# Skeeter pee virgin!



## WaWa (Aug 21, 2010)

Ok, so I'm gonna try this one out. Maybe it will be the first skeeter Down Under?? I have questions though. Do you have to use lees from previous batch of wine or is making a fresh starter ok? If so, which yeast is best? Also, i have hundreds of fresh lemons to squeeze, i assume this is ok rather than the bottled juice, which i don't think I can get in NZ. Oh and how long before it's ready to drink?


----------



## Minnesotamaker (Aug 22, 2010)

I find that Red Star Primier Cuvee or Lalvin EC-1118 works best. I'd recommend starting a 1 gallon starter using something like white grape juice to get a real healthy yeast culture going for a few days before dumping it into the lemon. 

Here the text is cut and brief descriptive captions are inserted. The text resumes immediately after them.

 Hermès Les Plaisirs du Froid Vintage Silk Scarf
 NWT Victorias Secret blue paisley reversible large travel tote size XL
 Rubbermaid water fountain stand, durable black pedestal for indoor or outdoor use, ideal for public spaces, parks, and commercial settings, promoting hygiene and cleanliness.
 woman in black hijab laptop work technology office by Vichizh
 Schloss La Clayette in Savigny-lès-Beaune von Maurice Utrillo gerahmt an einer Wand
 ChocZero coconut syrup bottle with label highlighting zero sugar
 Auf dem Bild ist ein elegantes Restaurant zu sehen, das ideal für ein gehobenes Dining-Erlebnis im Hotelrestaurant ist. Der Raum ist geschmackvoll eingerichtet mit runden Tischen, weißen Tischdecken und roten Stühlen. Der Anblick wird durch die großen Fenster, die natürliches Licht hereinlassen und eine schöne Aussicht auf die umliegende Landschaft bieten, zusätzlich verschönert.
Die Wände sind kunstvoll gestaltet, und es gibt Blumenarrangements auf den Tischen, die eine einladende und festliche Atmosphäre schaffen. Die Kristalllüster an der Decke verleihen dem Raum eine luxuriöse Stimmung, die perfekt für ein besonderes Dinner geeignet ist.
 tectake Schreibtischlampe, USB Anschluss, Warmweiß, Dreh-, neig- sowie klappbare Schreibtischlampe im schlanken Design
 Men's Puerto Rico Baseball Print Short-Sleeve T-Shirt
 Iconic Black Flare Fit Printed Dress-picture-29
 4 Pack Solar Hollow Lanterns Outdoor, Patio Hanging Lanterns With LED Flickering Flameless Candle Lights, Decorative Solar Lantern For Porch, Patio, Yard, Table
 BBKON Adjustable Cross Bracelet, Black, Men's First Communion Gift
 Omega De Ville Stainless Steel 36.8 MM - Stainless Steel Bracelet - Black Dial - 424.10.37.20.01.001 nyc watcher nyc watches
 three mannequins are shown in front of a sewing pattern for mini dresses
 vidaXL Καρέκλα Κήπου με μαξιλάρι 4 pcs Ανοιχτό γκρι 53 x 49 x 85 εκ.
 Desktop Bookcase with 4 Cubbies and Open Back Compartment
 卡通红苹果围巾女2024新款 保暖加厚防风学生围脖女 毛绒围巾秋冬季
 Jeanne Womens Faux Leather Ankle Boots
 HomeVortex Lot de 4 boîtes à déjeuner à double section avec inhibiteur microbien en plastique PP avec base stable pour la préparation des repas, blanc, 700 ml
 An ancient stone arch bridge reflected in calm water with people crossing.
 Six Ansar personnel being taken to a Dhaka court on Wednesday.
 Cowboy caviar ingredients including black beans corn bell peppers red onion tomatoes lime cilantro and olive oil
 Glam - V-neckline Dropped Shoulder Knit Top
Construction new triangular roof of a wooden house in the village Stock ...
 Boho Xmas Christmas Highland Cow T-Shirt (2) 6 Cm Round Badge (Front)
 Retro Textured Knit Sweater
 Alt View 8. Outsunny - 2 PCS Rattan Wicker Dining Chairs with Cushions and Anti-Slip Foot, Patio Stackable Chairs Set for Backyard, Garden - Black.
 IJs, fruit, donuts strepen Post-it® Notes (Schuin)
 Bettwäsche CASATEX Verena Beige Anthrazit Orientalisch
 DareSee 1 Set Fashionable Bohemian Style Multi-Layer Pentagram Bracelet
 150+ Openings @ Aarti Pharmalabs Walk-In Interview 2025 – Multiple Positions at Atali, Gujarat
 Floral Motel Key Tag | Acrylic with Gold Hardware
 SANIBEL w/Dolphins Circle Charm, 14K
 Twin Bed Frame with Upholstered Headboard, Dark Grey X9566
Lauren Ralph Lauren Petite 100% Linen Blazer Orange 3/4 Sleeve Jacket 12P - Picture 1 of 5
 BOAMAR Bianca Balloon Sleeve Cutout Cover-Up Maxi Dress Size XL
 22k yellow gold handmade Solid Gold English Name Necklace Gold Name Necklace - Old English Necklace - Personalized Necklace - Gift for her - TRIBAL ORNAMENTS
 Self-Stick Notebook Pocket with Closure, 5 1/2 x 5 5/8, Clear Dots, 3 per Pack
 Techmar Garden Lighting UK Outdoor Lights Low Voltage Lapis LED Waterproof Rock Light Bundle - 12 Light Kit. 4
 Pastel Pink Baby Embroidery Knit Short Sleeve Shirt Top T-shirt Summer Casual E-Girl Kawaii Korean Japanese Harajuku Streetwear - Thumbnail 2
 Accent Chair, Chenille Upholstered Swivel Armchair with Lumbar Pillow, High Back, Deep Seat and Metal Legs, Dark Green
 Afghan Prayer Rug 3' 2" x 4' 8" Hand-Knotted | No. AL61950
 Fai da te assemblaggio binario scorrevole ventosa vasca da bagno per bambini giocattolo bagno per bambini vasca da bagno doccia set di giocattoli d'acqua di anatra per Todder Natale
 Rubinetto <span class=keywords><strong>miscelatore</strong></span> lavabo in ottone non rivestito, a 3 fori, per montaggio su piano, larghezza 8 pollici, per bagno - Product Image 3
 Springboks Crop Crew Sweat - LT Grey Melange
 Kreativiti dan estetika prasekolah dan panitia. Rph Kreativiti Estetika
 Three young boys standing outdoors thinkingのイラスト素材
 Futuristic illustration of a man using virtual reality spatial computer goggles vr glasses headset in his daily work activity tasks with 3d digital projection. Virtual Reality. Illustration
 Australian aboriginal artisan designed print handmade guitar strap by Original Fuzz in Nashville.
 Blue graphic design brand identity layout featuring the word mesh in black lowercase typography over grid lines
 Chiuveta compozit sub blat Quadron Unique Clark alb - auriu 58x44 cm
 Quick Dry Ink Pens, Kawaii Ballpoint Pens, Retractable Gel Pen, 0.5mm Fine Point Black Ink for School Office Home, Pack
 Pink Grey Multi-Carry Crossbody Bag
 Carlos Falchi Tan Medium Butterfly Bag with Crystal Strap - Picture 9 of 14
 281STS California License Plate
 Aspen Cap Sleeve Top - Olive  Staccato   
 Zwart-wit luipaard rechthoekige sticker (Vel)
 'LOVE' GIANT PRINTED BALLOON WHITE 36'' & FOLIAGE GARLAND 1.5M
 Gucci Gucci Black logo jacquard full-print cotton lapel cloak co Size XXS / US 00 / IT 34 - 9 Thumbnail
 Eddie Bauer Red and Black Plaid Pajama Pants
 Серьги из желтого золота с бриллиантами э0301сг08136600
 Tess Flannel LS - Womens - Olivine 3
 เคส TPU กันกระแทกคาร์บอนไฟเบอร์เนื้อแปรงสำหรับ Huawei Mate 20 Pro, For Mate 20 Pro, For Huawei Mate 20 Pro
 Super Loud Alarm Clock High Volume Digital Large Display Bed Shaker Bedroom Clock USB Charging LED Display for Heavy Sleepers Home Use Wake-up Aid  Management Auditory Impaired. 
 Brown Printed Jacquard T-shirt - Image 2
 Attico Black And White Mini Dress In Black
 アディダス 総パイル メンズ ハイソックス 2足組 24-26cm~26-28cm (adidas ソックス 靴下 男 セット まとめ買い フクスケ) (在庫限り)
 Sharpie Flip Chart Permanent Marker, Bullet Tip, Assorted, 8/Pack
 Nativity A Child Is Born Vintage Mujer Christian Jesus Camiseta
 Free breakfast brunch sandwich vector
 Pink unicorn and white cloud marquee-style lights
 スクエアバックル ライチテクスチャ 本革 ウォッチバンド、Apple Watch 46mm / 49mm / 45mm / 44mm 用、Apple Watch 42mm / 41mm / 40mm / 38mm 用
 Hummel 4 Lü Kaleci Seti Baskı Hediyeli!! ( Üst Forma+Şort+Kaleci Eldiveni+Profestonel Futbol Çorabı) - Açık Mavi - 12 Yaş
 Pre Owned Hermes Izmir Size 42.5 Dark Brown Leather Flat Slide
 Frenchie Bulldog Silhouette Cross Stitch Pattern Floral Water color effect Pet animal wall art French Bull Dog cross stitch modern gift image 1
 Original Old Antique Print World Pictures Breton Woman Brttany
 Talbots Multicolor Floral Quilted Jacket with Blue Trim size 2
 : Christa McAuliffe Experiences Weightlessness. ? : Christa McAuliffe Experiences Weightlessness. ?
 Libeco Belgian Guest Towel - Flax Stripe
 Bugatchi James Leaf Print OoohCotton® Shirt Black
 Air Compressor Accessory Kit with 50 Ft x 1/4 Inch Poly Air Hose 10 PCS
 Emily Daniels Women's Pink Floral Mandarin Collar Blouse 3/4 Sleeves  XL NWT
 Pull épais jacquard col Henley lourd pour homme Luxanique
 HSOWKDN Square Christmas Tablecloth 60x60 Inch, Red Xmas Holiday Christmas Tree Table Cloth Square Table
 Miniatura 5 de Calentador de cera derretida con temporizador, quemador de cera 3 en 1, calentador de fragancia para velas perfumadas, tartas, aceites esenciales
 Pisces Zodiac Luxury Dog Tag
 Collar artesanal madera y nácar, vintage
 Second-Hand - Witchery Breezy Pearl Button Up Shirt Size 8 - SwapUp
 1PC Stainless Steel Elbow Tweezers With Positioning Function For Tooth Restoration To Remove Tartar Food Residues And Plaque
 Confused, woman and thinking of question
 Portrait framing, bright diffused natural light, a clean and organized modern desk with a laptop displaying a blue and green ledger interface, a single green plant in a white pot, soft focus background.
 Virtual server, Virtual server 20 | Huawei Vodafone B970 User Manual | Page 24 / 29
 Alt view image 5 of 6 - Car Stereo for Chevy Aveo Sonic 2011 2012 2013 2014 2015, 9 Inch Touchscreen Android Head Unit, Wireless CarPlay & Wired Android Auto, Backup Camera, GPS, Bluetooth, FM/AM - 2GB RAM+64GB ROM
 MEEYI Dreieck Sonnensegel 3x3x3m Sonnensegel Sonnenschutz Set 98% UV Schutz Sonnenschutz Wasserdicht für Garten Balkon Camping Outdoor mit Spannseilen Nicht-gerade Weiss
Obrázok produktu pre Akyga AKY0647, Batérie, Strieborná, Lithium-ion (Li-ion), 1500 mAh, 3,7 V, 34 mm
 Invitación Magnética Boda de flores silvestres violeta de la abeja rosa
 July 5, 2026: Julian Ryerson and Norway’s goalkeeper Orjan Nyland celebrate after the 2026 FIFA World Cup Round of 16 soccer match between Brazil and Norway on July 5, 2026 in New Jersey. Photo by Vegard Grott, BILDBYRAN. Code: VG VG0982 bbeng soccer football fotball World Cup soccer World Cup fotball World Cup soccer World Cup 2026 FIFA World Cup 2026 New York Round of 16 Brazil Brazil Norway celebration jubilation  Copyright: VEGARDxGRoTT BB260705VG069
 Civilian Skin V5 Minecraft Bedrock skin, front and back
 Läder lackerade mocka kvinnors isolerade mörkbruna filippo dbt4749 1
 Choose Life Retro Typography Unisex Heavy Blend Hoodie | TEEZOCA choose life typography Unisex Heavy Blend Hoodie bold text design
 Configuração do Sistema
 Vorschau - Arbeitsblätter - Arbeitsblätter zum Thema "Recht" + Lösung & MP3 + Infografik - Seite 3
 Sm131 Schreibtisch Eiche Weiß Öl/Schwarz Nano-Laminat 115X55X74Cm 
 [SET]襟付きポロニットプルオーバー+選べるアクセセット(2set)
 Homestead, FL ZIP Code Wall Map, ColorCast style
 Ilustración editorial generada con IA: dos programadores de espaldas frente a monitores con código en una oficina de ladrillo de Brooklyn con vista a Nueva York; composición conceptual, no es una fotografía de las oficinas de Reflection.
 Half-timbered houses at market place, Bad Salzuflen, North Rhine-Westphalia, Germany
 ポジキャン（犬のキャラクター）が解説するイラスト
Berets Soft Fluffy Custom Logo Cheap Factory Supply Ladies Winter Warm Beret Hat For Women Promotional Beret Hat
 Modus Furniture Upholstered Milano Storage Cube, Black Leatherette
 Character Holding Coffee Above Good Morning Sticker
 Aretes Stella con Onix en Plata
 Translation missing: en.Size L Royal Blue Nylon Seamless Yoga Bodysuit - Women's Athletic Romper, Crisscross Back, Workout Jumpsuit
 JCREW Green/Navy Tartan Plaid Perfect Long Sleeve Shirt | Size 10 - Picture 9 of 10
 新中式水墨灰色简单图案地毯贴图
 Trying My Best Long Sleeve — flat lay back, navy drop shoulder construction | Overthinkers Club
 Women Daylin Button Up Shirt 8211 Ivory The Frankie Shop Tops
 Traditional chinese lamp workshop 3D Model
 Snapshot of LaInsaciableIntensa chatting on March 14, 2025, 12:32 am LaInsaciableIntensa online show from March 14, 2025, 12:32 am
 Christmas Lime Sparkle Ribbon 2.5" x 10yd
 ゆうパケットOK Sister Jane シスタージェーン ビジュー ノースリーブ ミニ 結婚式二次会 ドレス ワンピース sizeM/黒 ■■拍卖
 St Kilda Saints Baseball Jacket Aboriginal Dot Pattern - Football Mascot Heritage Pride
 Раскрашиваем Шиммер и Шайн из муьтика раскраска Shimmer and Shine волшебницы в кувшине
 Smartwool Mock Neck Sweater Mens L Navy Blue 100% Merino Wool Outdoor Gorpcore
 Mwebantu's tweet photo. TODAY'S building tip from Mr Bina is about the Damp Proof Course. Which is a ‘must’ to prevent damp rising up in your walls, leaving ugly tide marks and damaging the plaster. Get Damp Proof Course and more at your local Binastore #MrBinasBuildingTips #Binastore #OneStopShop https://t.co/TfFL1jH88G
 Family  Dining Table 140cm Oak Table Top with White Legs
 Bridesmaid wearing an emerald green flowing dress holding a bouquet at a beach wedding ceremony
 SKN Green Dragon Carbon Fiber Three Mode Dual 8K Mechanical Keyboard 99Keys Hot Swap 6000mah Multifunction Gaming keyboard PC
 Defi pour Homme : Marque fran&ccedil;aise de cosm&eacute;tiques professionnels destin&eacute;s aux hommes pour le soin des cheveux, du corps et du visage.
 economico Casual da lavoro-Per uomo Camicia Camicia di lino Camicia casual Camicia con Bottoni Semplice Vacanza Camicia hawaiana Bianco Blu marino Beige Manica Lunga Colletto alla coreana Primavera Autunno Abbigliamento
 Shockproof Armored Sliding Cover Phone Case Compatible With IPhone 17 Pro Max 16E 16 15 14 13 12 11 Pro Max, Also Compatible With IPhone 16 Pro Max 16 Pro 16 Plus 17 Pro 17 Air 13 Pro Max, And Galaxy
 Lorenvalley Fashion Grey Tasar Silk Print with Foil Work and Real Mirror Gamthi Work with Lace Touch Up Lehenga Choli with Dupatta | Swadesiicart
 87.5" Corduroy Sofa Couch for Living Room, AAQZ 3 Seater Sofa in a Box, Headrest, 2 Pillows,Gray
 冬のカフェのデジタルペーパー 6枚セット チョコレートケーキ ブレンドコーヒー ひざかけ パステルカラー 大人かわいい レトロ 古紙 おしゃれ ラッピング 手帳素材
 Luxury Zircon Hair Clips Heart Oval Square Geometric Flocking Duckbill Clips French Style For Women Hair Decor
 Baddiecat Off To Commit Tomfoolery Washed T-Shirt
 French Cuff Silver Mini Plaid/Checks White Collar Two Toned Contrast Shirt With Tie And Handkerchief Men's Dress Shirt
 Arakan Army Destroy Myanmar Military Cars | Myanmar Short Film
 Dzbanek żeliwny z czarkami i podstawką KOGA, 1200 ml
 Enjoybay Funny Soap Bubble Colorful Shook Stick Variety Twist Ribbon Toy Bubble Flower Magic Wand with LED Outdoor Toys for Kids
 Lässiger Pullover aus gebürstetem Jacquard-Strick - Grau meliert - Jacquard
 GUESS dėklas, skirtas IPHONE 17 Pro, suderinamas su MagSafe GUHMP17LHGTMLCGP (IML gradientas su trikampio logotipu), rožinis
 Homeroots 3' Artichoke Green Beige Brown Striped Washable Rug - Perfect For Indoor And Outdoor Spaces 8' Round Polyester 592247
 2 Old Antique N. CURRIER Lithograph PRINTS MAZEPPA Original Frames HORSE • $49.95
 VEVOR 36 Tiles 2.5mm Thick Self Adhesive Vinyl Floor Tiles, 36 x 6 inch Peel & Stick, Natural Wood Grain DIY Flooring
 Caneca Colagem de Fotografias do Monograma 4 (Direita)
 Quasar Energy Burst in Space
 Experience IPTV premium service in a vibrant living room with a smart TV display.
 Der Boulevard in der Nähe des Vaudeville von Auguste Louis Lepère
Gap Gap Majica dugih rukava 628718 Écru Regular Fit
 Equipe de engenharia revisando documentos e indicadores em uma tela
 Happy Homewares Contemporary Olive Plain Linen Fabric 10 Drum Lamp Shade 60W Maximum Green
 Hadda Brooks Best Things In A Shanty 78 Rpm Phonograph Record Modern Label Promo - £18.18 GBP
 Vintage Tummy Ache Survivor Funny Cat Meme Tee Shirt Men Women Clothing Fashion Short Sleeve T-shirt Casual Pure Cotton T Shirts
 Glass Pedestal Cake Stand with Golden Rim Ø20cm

Real lemons can pose problems. Other who have tried it often have a hard time getting it to start fermenting. Fresh lemons have something in them that yeast struggles with. You might try keeping the fresh lemon content really low in the beginning and then add a few lemons' juice each day until you reach the flavor profile you want.


----------



## WaWa (Aug 23, 2010)

Great Ta,
would apple juice do in place of white grape juice?, I can't get that either.
I'm gonna give it a go even so coz the lemons are just going to waste. If it kicks up i'll add water and turn it into a regular citrus wine, which I have had a lot of success with in the past.
Cheers


----------



## Minnesotamaker (Aug 23, 2010)

Any available and fermentable fruit juice will work. Try to think of something that will compliment the lemon flavor if possible.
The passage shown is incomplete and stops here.